» **Required action**
Leaving all pictures aside, write out the records below precisely as given.
(Records for this task Opens)
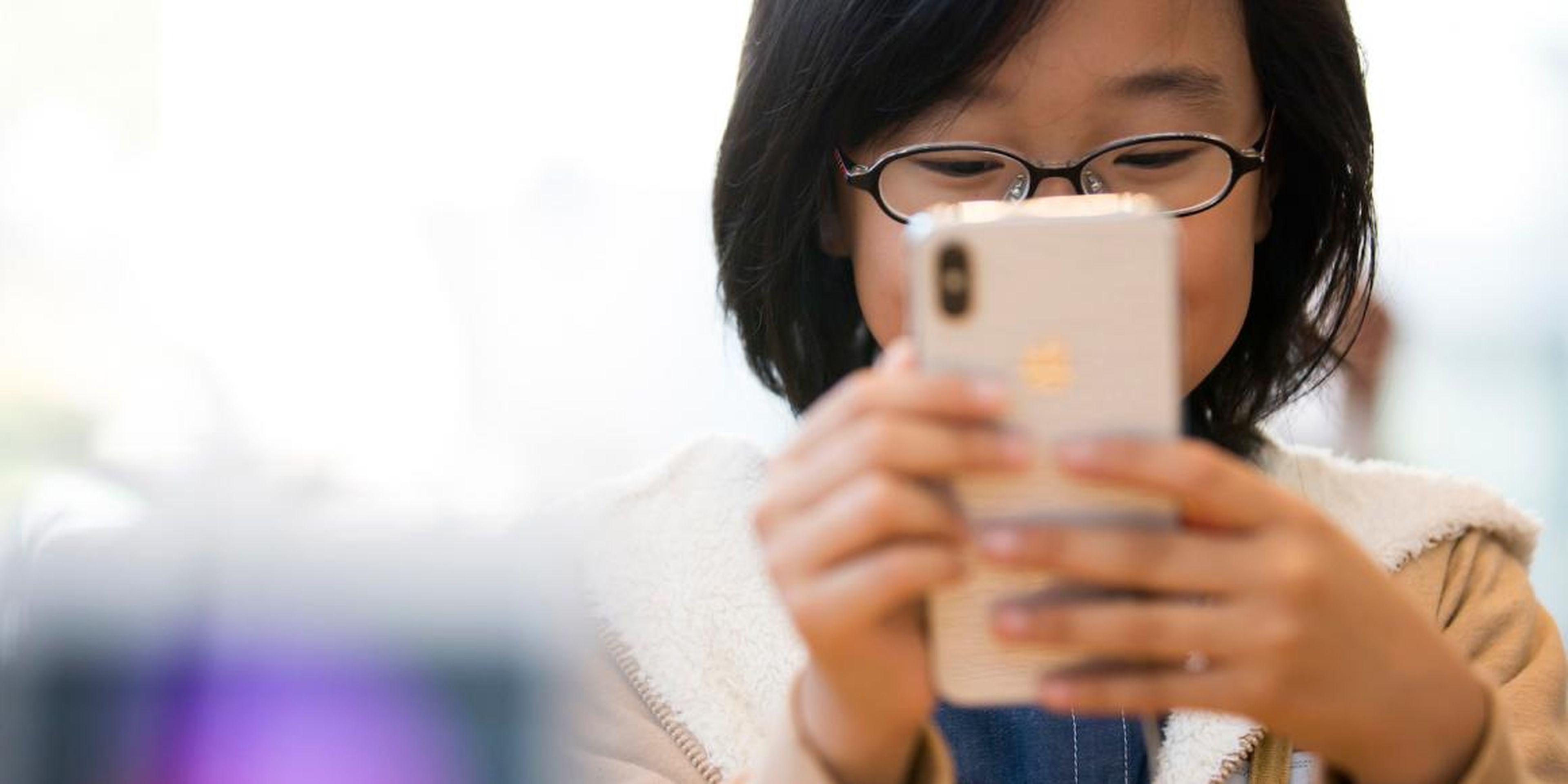 Todos los niños menores de 15 años tendrán prohibido utilizar sus teléfonos móviles a lo largo de todo el día. En la imagen, un niño juega con un iPhone X en Tokio, Japón.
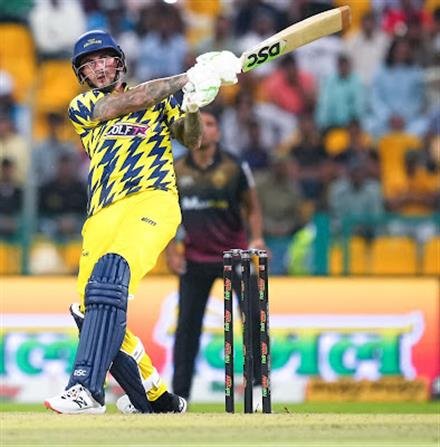 ALEX HALES AND CHRIS LYNN LIFT TEAM ABU DHABI PAST NORTHERN WARRIORS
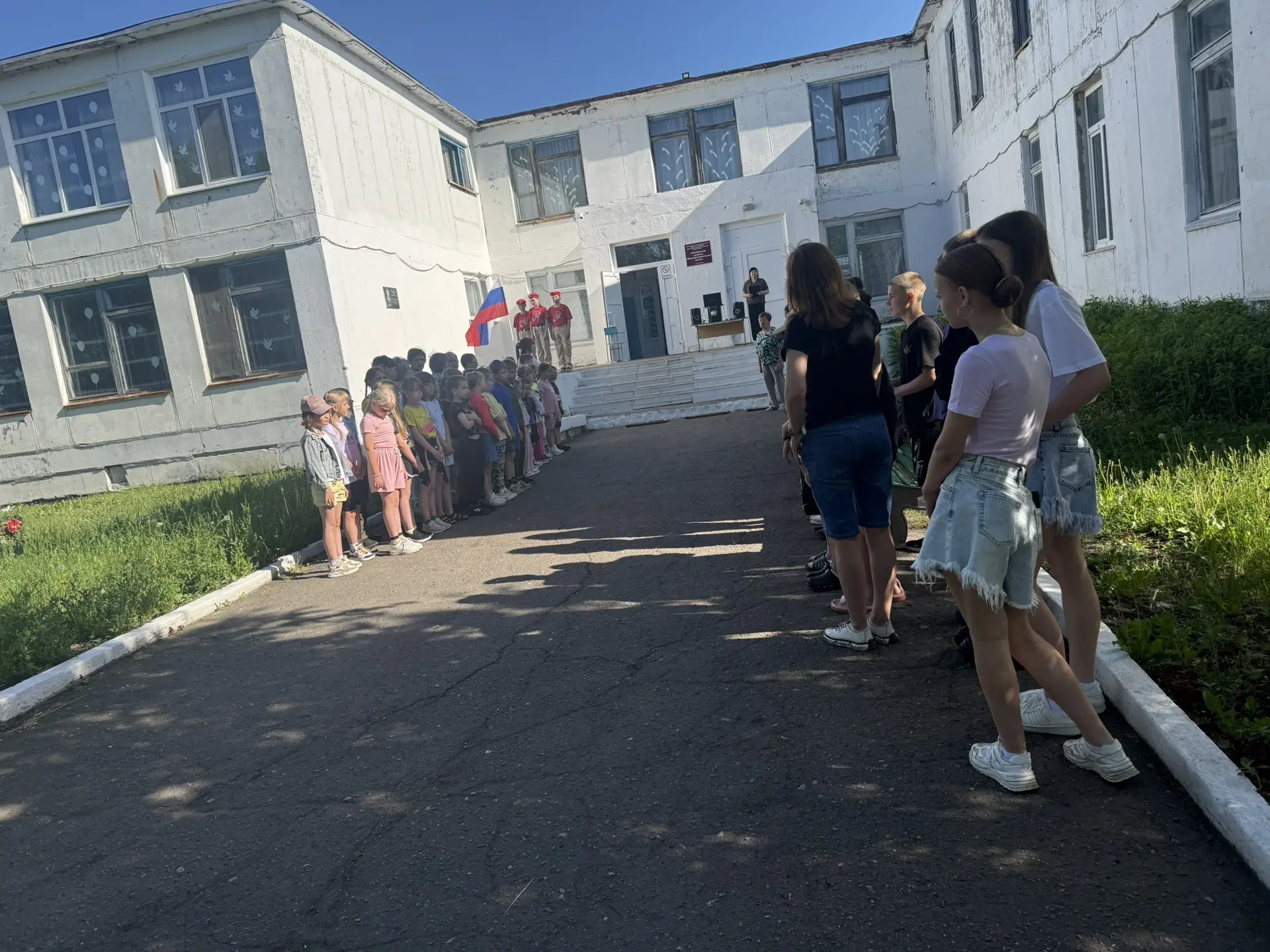 ☀ 1 июня в нашей школе: никаких уроков, только праздник! 
Сегодня в школе было непривычно тихо… в ко
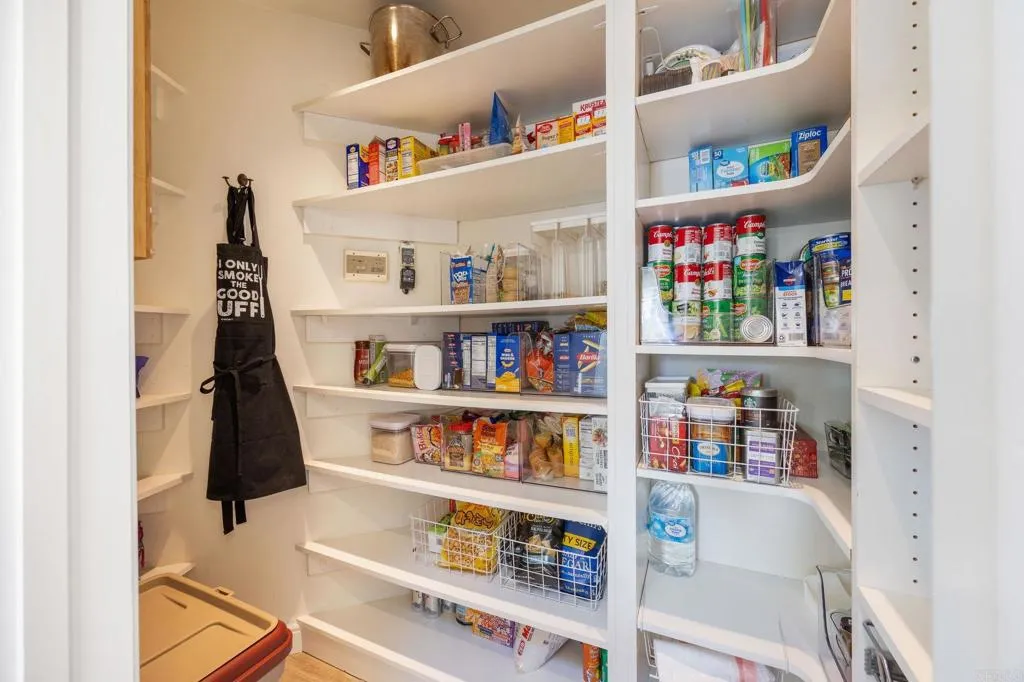https://cdn.realtyfeed.com/cdn/127/306706536/15265983f8160c5f6d56c1e1a0dfb282.webp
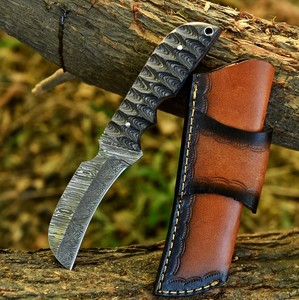 Cuchillo de Bushcraft de Acero de Damasco Forjado a Mano, Mango de Madera Pakka, Espiga Completa, Tipo Hawkbill, con Funda de Cuero, OEM Personalizado - Product Image 1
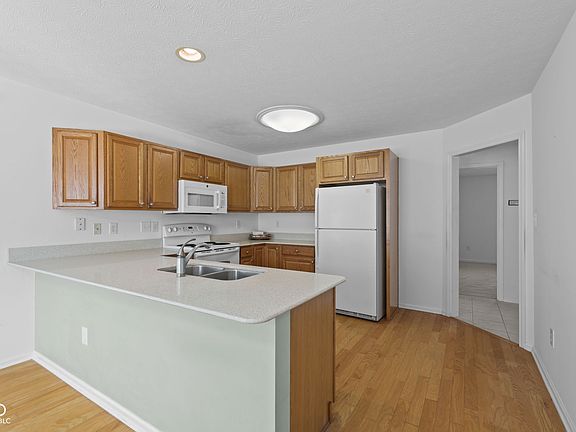 5th image of 1641 Grindstone Way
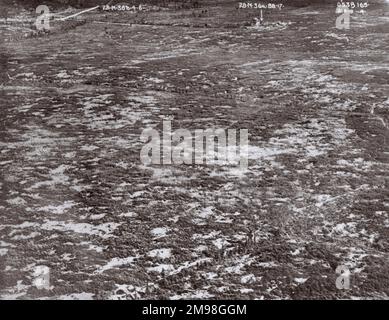 Vue aérienne oblique d'une zone bombardée dans le nord de la France le 21 août 1918. Banque D'Images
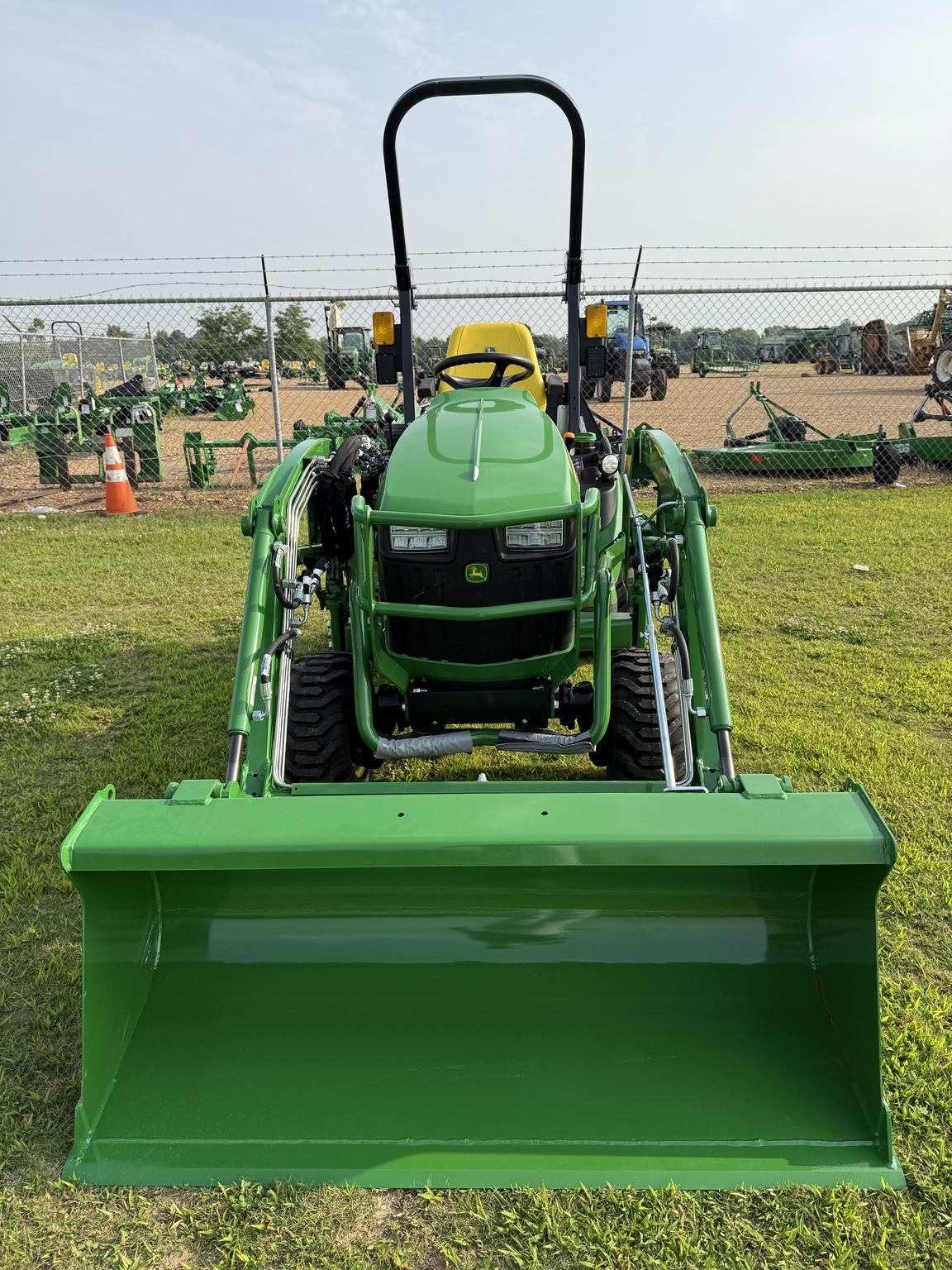 2024 John Deere 1025R Image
(Records for this task Closes)
» **Response to this exercise**
 Todos los niños menores de 15 años tendrán prohibido utilizar sus teléfonos móviles a lo largo de todo el día. En la imagen, un niño juega con un iPhone X en Tokio, Japón.
 ALEX HALES AND CHRIS LYNN LIFT TEAM ABU DHABI PAST NORTHERN WARRIORS
 ☀ 1 июня в нашей школе: никаких уроков, только праздник! 
Сегодня в школе было непривычно тихо… в ко
https://cdn.realtyfeed.com/cdn/127/306706536/15265983f8160c5f6d56c1e1a0dfb282.webp
 Cuchillo de Bushcraft de Acero de Damasco Forjado a Mano, Mango de Madera Pakka, Espiga Completa, Tipo Hawkbill, con Funda de Cuero, OEM Personalizado - Product Image 1
 5th image of 1641 Grindstone Way
 Vue aérienne oblique d'une zone bombardée dans le nord de la France le 21 août 1918. Banque D'Images
 2024 John Deere 1025R Image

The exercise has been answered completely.